Julio César Chávez Jr. vs. Peter Manfredo Jr. was a Middleweight championship fight for the WBC world title. The fight took place in the Reliant Arena in Houston, Texas on November 19, 2011. Chavez wanted to fight a September tuneup against Ronald Hearns ahead of his November title defense, but he injured his right hand and needed time to heal. Chavez Jr. defended his middleweight belt for the first time against Manfredo Jr.

Background

Chavez
Chavez claimed a 160-pound belt by majority decision against Sebastian Zbik in Los Angeles on June 4. Chavez was due to make his first defense in his hometown of Culiacan, Mexico, on September 17 against Ronald Hearns, the son of all-time great Thomas Hearns. However, Chavez withdrew from the bout about three weeks ahead of time claiming that a laceration on his hand caused by a ceiling fan had not fully healed.

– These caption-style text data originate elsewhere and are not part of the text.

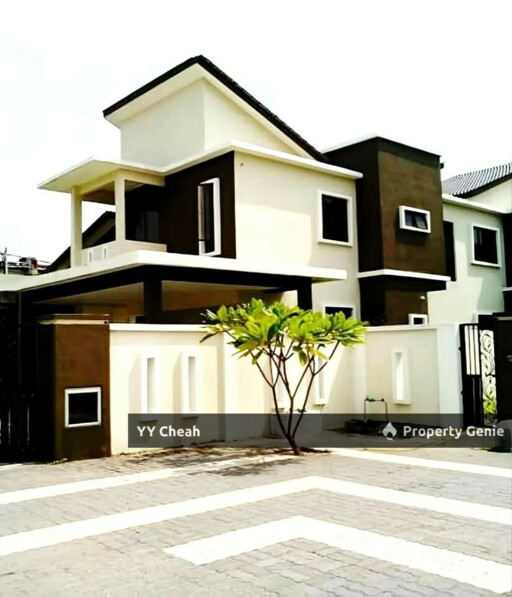Ipoh Double Storey Unoccupied Bungalow For Sale 10k sq ft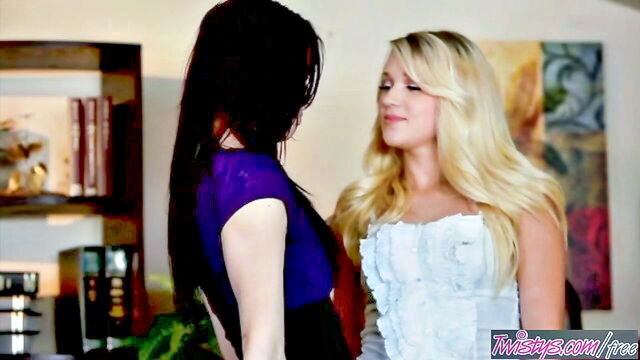 girls play, make out, aiden ashley - aiden ashley make out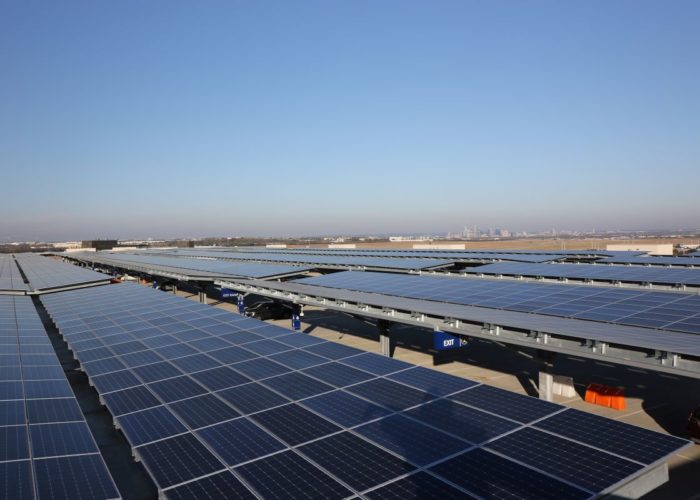 SEG Solar’s
1.7MW parking
lot solar project
at Austin International
Airport in
Texas. Image: SEG Solar.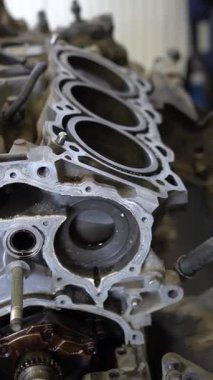 Bir otomobil servis istasyonundaki içten yanmalı motordan hazırlanmış ve sökülmüş silindir bloğu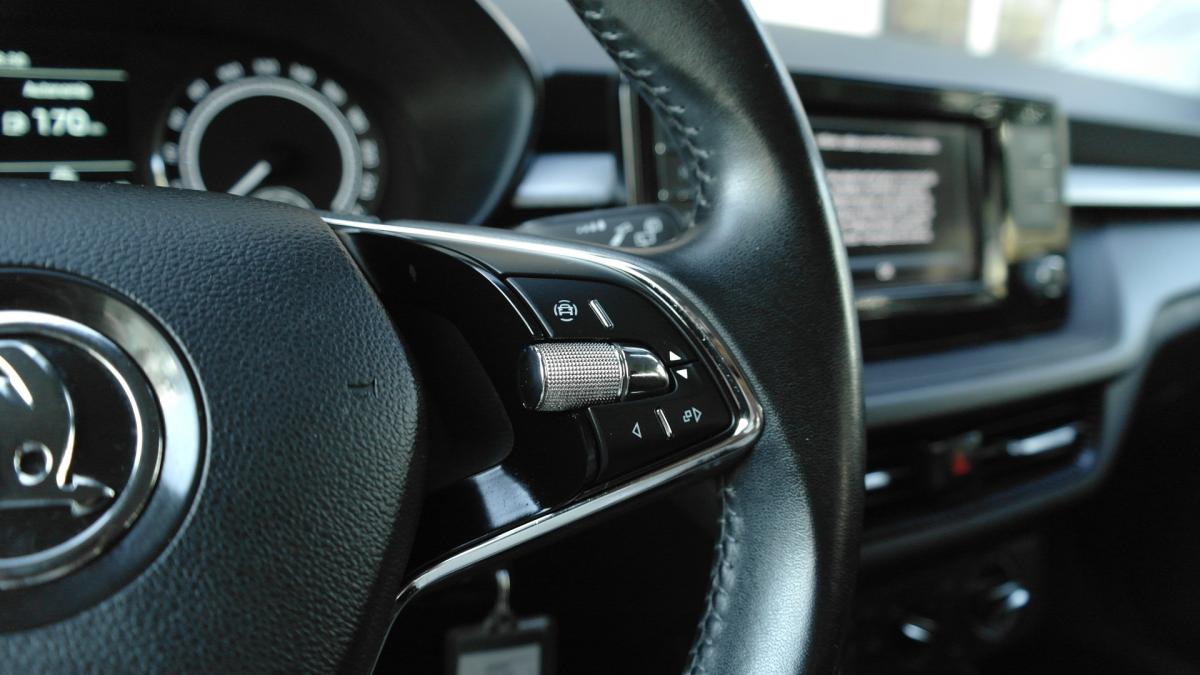skoda-fabia-2023-gasolina-999cc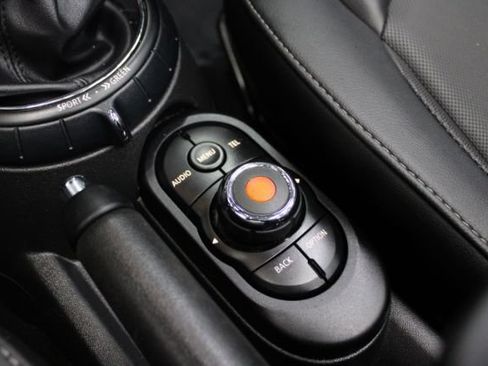 Used 2017 MINI Cooper Convertible FWD image 17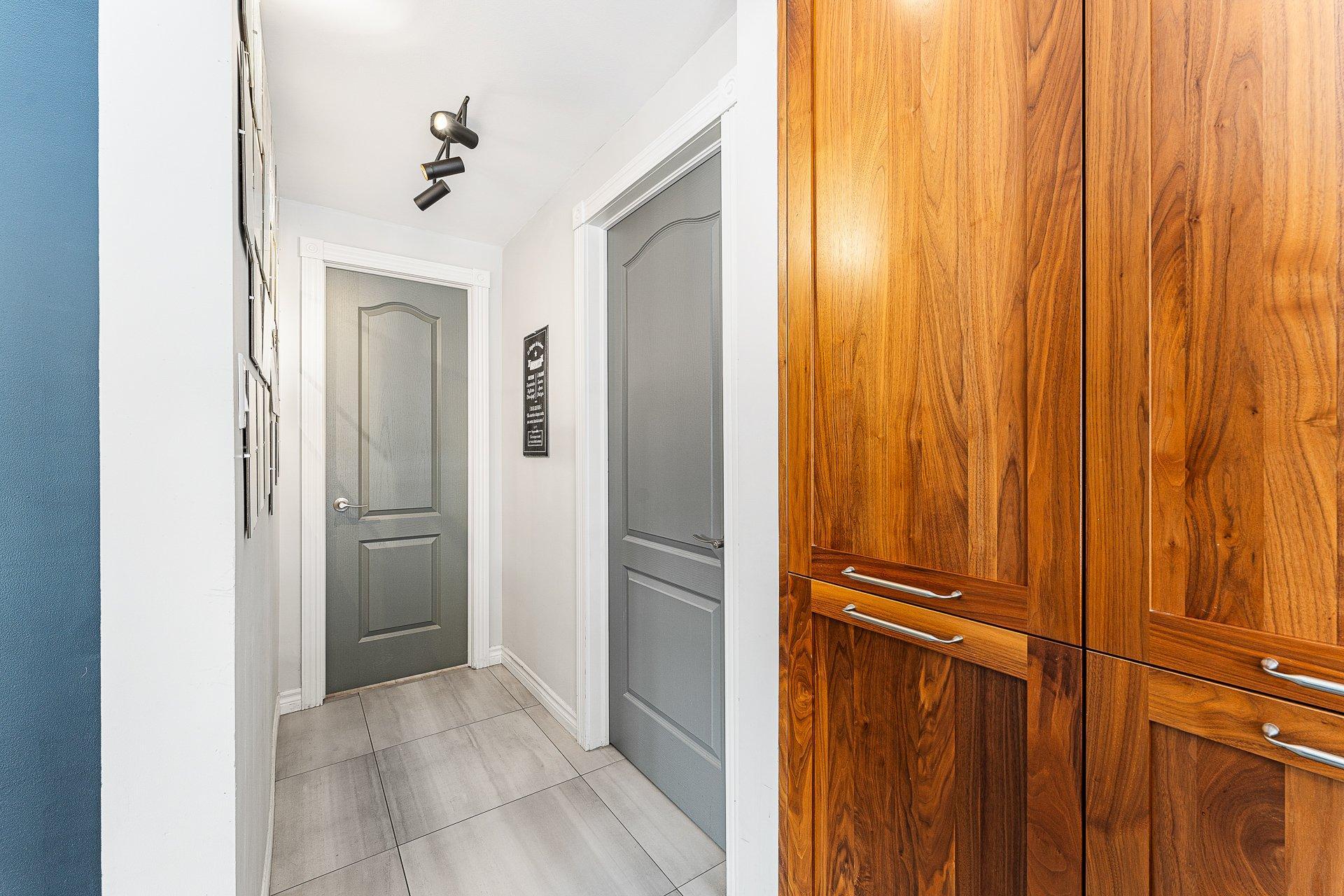 









1233

 - 1235


Rue du Sud

,
Cowansville,




QC
J2K2Y9

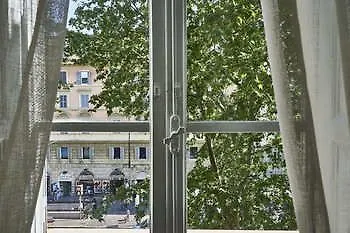 ゲストハウス エール＆ニキズ ホーム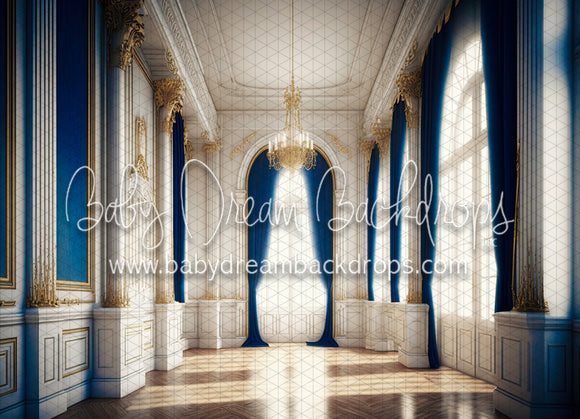 Royal Draped Window Room (ES)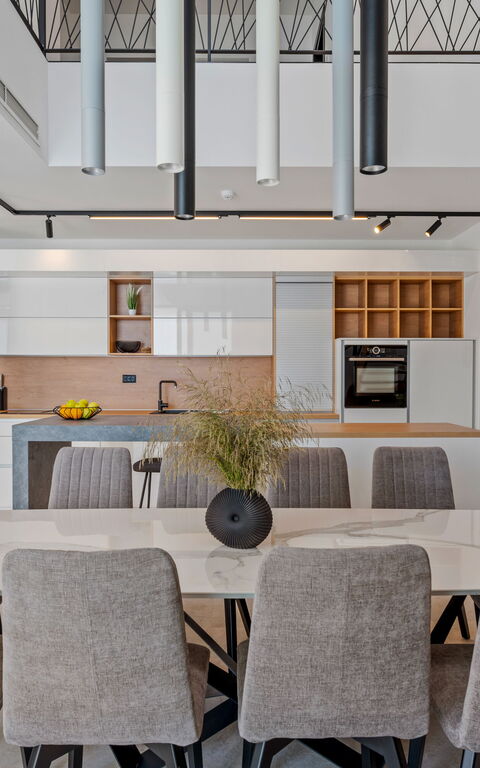 Villa Loma: Esszimmer, Küche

Even before the Hearns fight was scheduled, Arum had an HBO date waiting for Chavez to face Manfredo on November 19.

Manfredo
Manfredo, a star on the first season of "The Contender" reality series, got his second shot at a world title. In 2007, he traveled to Wales to challenge super middleweight champion Joe Calzaghe and was stopped in the third round as he was overpowered by a bigger man in a fight that ended with a somewhat quick stoppage. Later in 2007, Manfredo dropped a decision to former super middleweight titlist Jeff Lacy in a fight that was within Manfredo's grasp in the late rounds. The following year, Manfredo, fighting in front of his hometown crowd at the Dunkin Donuts Center in Providence, Rhode Island, was blown out by rugged Sakio Bika in three rounds in a humbling experience.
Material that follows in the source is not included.